Feb 29, 2016
Changing patient behaviour: knowledge is power, but how should we use it?
Being a London based healthcare communications agency we're lucky enough to be able to drop in at the Royal Society of Medicine. Last week we attended a lecture by Professor Jeremy Nicholson, hosted by The London Clinic and the RSM, looking at the changing landscape of the global health agenda and of medical technologies1.
Preventative medicine has been hailed as the gold standard for a long time, even Benjamin Franklin said that, "an ounce of prevention is worth a pound of cure." Prevention is something we've prioritised through community education, promoting positive lifestyle habits and even vaccines, and these combined form the basis of how we keep ourselves healthy. We've never known more about our health, and health has never been higher up on our list of priorities. But despite our growing understanding, the burden of non-communicable diseases (NCDs) is rising2, and bacterial infections are becoming more difficult to treat3, so why, when we know how to prevent, control and in many cases treat them, is this happening worldwide? And, more importantly, what should be done about it?
According to The World Health Organisation, infections are becoming increasingly difficult to treat due to antimicrobial resistance, with common conditions such as pneumonia and urinary tract infections seeing high spikes in antibiotic resistance3. Firmly on the global health agenda, antimicrobial resistance has been ascribed to over prescribing medications and a lack of new research and development4, it's even been predicted that gonorrhoea may soon become untreatable because a lack of R&D into new forms of drugs able to treat it3.

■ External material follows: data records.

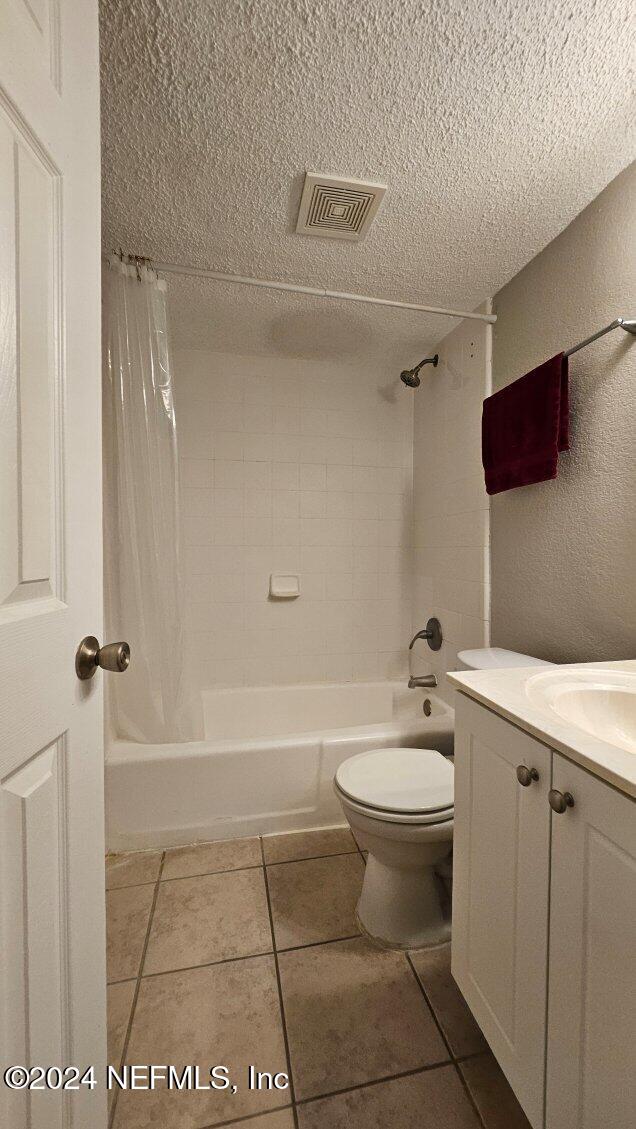 full bathroom with toilet, shower / bath combo, vanity, and tile patterned floors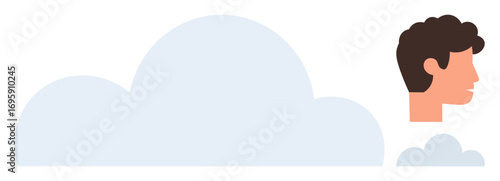 Profile of a mans head beside large and small clouds, suggesting thought, imagination, dreaming, cloud computing, connection, creativity, or innovation. Ideal for abstract concepts personal growth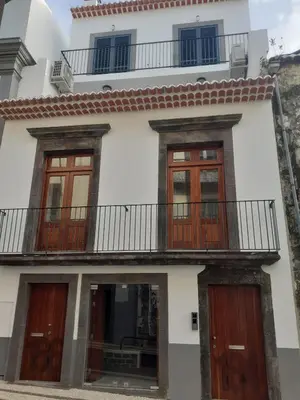 a white house with wooden doors and a balcony at Ferreiros 184 in Funchal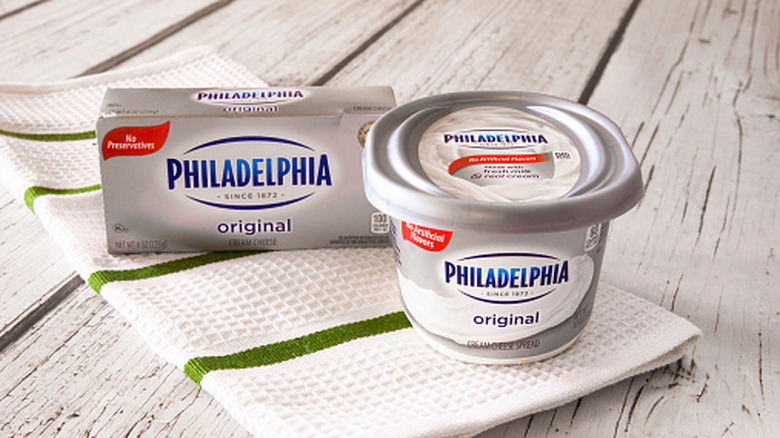 A small container of cream cheese sits next to a block of cream cheese.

NCDs, another priority for global health organisations, are accountable for 63% of deaths worldwide2. Typically attributable to negative lifestyle habits, prevention of these conditions is considered within reach by identifying the early risk factors and helping individuals avoid them. But with NCDs, like type two diabetes and cardiovascular disease, expected to rise by 17% globally over the next ten years, more effective communication and education may still be needed2. In the face of all our efforts to prevent these conditions, it's clear that further steps are required to slow down the increasing health burden of long term, chronic illnesses.
Many are asking what we should be doing about these two pressing health issues, and many are offering advice. The estimates for the growing burden of these diseases show that, in the current form, prevention efforts may not be enough and the pressures on healthcare systems will continue to grow.
Identifying the risk factors, and changing behaviour to reflect these risk factors, are two very different practices - and needs a comprehensive communication and education plan to see real life change.